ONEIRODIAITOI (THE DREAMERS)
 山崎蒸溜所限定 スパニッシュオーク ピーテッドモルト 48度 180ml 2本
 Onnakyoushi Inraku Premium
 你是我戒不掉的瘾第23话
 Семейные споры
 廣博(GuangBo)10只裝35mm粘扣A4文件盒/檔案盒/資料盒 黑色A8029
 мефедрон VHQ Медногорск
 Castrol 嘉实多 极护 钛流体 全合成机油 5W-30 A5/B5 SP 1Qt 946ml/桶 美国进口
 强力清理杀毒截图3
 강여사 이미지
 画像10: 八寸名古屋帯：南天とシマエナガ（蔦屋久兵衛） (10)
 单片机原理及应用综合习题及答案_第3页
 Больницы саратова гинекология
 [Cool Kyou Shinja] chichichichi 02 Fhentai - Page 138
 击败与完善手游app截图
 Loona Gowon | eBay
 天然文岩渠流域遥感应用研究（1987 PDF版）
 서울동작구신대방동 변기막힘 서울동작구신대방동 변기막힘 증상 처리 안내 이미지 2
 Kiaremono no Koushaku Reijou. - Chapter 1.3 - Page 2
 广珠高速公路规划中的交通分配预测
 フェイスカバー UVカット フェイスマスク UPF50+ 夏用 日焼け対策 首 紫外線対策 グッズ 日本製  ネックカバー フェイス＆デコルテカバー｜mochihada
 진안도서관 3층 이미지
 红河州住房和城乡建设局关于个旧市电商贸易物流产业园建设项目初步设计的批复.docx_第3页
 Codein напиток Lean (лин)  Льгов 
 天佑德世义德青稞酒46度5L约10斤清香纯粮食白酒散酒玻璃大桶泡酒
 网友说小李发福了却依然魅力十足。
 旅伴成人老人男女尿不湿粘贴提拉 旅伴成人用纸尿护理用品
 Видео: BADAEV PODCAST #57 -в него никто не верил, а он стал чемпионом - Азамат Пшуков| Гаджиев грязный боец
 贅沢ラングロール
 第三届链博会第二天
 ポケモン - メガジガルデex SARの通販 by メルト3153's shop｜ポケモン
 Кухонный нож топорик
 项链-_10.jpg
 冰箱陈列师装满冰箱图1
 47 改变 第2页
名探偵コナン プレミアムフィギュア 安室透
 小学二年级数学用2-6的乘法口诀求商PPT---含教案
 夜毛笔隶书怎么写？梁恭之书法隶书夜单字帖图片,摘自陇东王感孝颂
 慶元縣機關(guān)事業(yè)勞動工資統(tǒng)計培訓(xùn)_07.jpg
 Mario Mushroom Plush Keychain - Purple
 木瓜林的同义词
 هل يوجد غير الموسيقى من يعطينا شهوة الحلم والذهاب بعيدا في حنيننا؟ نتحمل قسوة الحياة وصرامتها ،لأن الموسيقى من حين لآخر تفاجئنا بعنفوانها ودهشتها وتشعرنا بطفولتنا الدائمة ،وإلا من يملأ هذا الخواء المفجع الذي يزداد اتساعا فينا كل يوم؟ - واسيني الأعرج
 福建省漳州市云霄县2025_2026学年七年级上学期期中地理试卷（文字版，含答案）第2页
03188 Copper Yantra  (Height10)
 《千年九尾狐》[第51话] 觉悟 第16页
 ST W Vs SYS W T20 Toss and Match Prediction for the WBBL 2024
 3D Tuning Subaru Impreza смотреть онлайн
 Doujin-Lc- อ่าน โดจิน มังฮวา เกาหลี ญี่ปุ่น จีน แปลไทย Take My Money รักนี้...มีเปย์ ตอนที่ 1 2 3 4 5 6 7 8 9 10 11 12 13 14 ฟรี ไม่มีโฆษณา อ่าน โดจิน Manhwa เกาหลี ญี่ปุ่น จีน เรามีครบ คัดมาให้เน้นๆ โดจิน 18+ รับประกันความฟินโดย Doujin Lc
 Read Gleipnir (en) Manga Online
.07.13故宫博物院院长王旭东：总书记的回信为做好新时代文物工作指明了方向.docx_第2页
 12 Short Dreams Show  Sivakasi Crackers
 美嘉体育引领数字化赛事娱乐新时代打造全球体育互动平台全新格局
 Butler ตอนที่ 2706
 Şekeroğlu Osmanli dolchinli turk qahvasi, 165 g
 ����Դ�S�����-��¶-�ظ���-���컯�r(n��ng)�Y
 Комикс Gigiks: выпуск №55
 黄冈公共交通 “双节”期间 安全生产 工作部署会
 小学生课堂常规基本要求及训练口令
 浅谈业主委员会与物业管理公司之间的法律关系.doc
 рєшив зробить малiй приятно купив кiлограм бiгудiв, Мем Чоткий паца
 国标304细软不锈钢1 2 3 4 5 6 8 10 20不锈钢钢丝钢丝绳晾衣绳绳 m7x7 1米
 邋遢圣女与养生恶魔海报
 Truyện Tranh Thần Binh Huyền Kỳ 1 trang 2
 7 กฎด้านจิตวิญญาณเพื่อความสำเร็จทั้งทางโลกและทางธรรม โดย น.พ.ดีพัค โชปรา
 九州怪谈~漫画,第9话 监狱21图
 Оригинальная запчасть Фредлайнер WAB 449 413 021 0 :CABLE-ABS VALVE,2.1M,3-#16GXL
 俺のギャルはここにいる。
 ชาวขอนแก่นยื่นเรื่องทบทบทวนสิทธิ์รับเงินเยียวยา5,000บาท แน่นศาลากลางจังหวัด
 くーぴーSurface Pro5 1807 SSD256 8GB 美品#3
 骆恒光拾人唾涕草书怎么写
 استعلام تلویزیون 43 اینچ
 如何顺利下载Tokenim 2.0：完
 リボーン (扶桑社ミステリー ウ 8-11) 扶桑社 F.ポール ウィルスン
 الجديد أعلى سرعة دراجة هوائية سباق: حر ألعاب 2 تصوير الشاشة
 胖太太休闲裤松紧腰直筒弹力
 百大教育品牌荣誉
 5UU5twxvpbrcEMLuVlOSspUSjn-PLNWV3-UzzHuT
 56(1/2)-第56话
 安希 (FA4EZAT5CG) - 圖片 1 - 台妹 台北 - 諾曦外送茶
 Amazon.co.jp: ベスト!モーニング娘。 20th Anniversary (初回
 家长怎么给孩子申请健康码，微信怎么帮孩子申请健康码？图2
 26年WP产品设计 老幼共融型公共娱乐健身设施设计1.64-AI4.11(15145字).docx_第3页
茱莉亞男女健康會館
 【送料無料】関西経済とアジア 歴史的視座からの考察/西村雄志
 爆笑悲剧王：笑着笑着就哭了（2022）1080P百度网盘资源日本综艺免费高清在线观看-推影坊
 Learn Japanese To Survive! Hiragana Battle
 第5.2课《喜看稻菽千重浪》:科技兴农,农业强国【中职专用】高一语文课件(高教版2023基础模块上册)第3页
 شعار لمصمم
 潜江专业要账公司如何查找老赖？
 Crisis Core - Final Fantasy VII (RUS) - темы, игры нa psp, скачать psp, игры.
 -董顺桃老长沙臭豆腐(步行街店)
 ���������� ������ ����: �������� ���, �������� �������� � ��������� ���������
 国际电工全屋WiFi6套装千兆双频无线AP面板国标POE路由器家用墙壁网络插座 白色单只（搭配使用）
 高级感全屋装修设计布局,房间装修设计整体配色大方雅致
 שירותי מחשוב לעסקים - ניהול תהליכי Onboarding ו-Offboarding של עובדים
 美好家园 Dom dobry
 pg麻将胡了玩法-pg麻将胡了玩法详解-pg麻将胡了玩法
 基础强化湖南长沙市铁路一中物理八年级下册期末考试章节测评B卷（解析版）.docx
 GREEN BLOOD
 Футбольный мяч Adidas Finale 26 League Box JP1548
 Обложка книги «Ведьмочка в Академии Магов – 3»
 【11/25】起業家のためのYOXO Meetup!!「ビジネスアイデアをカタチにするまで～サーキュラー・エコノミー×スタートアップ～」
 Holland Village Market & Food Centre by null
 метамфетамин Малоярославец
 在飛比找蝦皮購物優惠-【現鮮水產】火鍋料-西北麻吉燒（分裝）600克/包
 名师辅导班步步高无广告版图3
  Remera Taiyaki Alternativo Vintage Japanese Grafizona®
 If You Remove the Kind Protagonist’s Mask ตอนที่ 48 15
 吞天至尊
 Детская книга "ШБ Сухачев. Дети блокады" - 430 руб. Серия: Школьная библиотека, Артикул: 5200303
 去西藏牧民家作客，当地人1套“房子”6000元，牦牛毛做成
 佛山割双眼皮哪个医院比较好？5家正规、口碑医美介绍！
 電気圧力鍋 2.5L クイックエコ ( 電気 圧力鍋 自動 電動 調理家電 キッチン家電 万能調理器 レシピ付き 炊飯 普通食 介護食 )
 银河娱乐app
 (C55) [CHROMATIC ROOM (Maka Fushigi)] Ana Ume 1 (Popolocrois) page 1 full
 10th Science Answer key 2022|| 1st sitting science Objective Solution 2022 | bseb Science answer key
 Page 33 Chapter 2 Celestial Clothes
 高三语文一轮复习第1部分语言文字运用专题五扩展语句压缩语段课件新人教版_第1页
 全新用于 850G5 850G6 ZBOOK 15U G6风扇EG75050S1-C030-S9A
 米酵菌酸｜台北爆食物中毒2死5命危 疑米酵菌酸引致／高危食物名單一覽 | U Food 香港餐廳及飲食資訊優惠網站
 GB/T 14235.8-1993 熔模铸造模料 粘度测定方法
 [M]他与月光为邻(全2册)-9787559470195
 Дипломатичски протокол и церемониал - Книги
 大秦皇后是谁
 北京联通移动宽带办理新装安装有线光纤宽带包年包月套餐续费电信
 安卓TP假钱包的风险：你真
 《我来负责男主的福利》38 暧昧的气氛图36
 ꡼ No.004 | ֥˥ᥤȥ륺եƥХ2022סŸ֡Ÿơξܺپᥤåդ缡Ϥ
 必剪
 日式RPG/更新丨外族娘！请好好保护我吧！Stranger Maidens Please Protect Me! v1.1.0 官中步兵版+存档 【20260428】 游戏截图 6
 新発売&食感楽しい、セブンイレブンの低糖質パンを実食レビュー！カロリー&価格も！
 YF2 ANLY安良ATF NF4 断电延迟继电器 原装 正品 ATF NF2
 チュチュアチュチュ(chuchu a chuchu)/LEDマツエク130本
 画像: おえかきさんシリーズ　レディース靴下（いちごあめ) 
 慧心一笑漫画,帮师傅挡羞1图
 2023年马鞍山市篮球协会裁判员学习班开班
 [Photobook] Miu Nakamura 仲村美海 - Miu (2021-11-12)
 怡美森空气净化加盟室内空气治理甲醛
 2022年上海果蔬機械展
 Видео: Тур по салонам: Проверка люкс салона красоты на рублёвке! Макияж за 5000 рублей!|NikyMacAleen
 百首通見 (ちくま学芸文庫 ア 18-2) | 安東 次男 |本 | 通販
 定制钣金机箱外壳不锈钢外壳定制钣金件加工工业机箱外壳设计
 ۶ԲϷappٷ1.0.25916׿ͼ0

=== ABOUT THIS EXERCISE ===
Can you repeat, word for word, every line above from the one containing "Mario Mushroom Plush Keychain - Purple" down to the one containing "рєшив зробить малiй", including both?

=== FINISHED EXERCISE ===
 Mario Mushroom Plush Keychain - Purple
 木瓜林的同义词
 هل يوجد غير الموسيقى من يعطينا شهوة الحلم والذهاب بعيدا في حنيننا؟ نتحمل قسوة الحياة وصرامتها ،لأن الموسيقى من حين لآخر تفاجئنا بعنفوانها ودهشتها وتشعرنا بطفولتنا الدائمة ،وإلا من يملأ هذا الخواء المفجع الذي يزداد اتساعا فينا كل يوم؟ - واسيني الأعرج
 福建省漳州市云霄县2025_2026学年七年级上学期期中地理试卷（文字版，含答案）第2页
03188 Copper Yantra  (Height10)
 《千年九尾狐》[第51话] 觉悟 第16页
 ST W Vs SYS W T20 Toss and Match Prediction for the WBBL 2024
 3D Tuning Subaru Impreza смотреть онлайн
 Doujin-Lc- อ่าน โดจิน มังฮวา เกาหลี ญี่ปุ่น จีน แปลไทย Take My Money รักนี้...มีเปย์ ตอนที่ 1 2 3 4 5 6 7 8 9 10 11 12 13 14 ฟรี ไม่มีโฆษณา อ่าน โดจิน Manhwa เกาหลี ญี่ปุ่น จีน เรามีครบ คัดมาให้เน้นๆ โดจิน 18+ รับประกันความฟินโดย Doujin Lc
 Read Gleipnir (en) Manga Online
.07.13故宫博物院院长王旭东：总书记的回信为做好新时代文物工作指明了方向.docx_第2页
 12 Short Dreams Show  Sivakasi Crackers
 美嘉体育引领数字化赛事娱乐新时代打造全球体育互动平台全新格局
 Butler ตอนที่ 2706
 Şekeroğlu Osmanli dolchinli turk qahvasi, 165 g
 ����Դ�S�����-��¶-�ظ���-���컯�r(n��ng)�Y
 Комикс Gigiks: выпуск №55
 黄冈公共交通 “双节”期间 安全生产 工作部署会
 小学生课堂常规基本要求及训练口令
 浅谈业主委员会与物业管理公司之间的法律关系.doc
 рєшив зробить малiй приятно купив кiлограм бiгудiв, Мем Чоткий паца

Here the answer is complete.